TO DO: Your reply should be the whole listing, copied exactly, with the pictures left out.

INFORMATION PROVIDED:
Start of Block

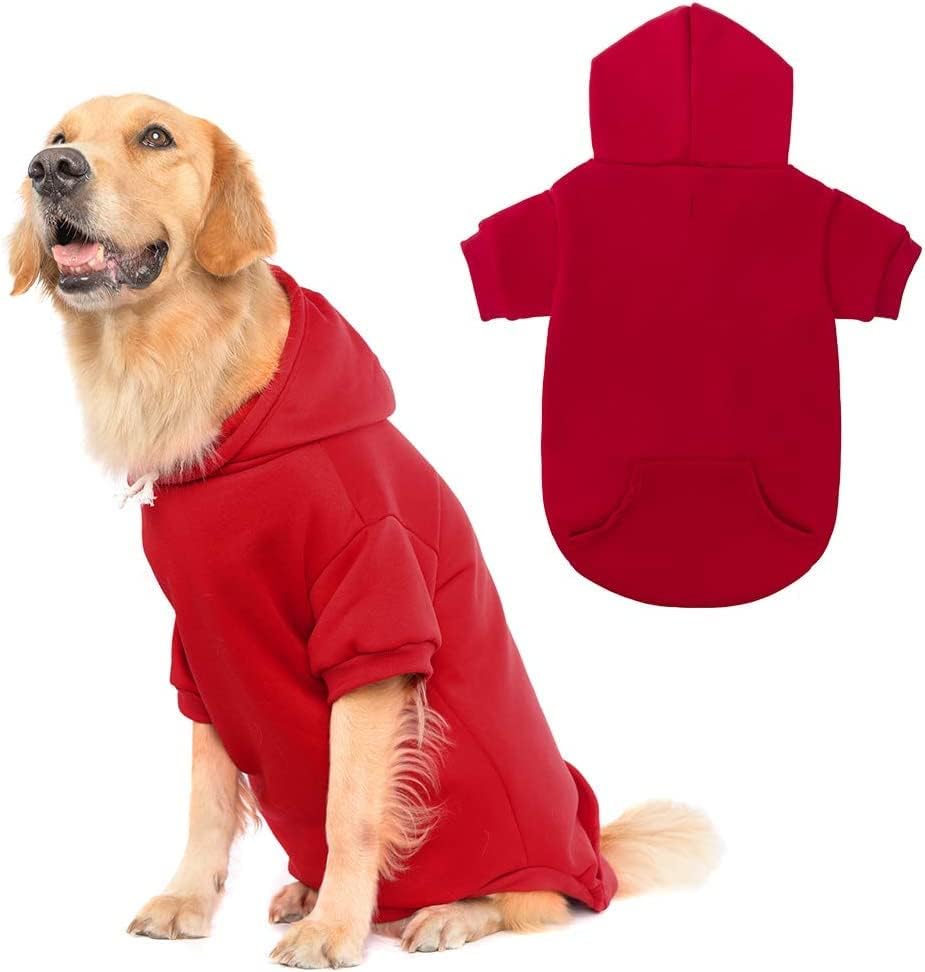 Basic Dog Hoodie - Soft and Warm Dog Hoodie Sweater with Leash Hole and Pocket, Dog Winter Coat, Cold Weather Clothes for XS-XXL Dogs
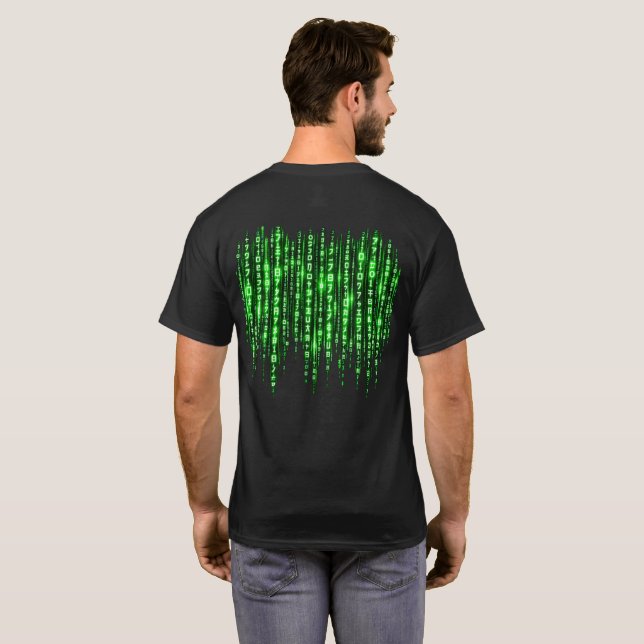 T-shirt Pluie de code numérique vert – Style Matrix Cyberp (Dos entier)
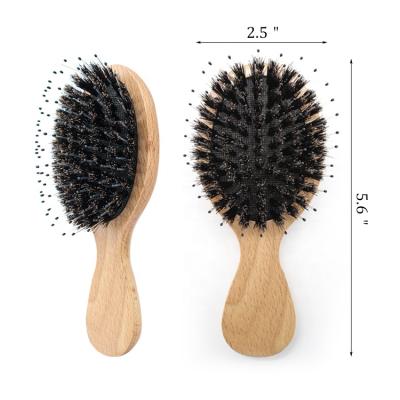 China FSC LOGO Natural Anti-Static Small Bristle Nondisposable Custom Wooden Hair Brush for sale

End of Block

EXPECTED OUTPUT:
 Basic Dog Hoodie - Soft and Warm Dog Hoodie Sweater with Leash Hole and Pocket, Dog Winter Coat, Cold Weather Clothes for XS-XXL Dogs
 T-shirt Pluie de code numérique vert – Style Matrix Cyberp (Dos entier)
 China FSC LOGO Natural Anti-Static Small Bristle Nondisposable Custom Wooden Hair Brush for sale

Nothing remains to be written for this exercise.